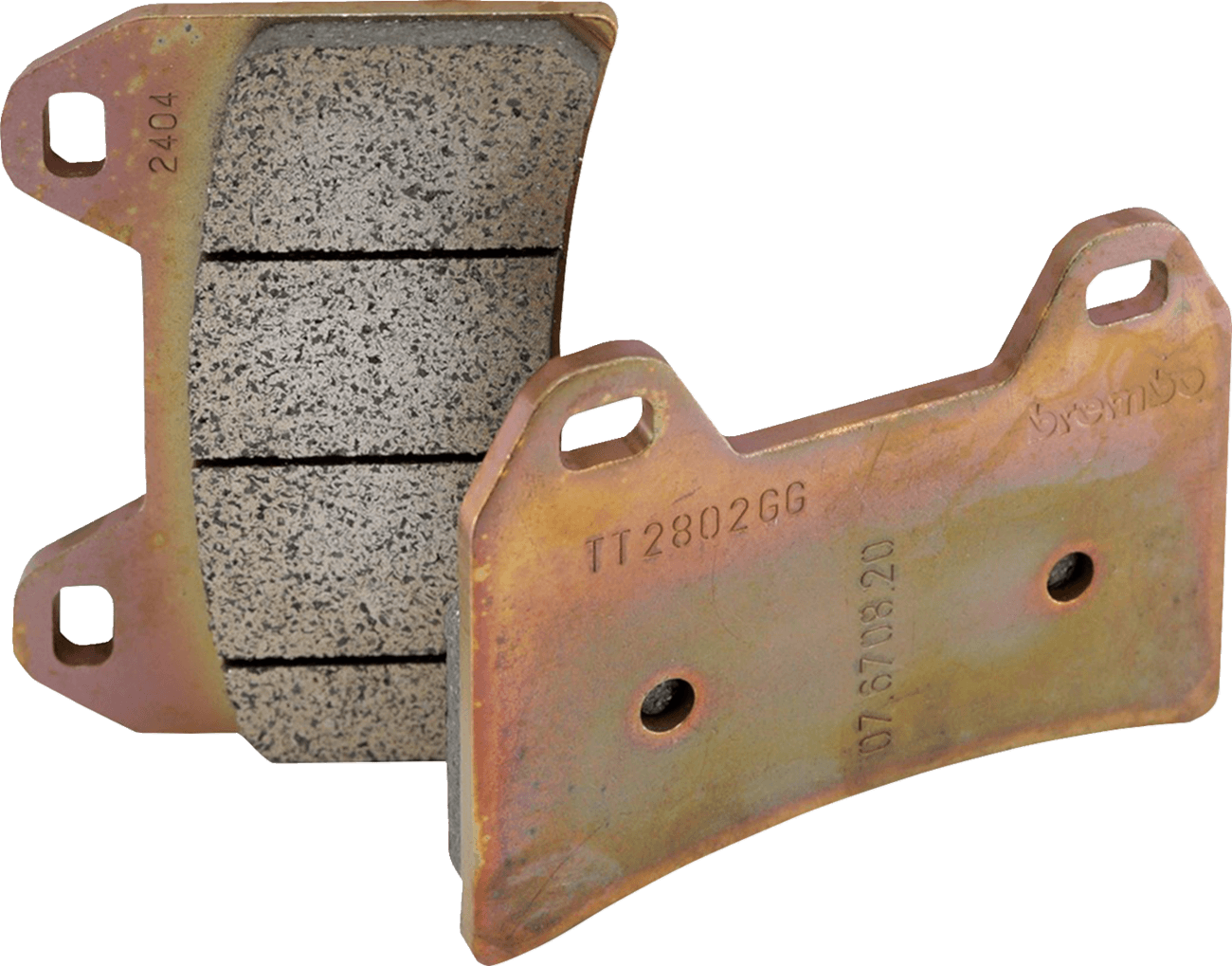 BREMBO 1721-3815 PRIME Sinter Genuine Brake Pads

☆ ☆ ☆

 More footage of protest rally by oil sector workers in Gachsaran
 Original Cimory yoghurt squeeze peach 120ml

☆ ☆ ☆

— What needs to be done —
Give back, unchanged, the run of lines in the listing above that begins at the line containing "More footage of" and ends at the line containing "Original Cimory yoghurt squeeze peach 120ml", both included.

— Solution to the problem —
 More footage of protest rally by oil sector workers in Gachsaran
 Original Cimory yoghurt squeeze peach 120ml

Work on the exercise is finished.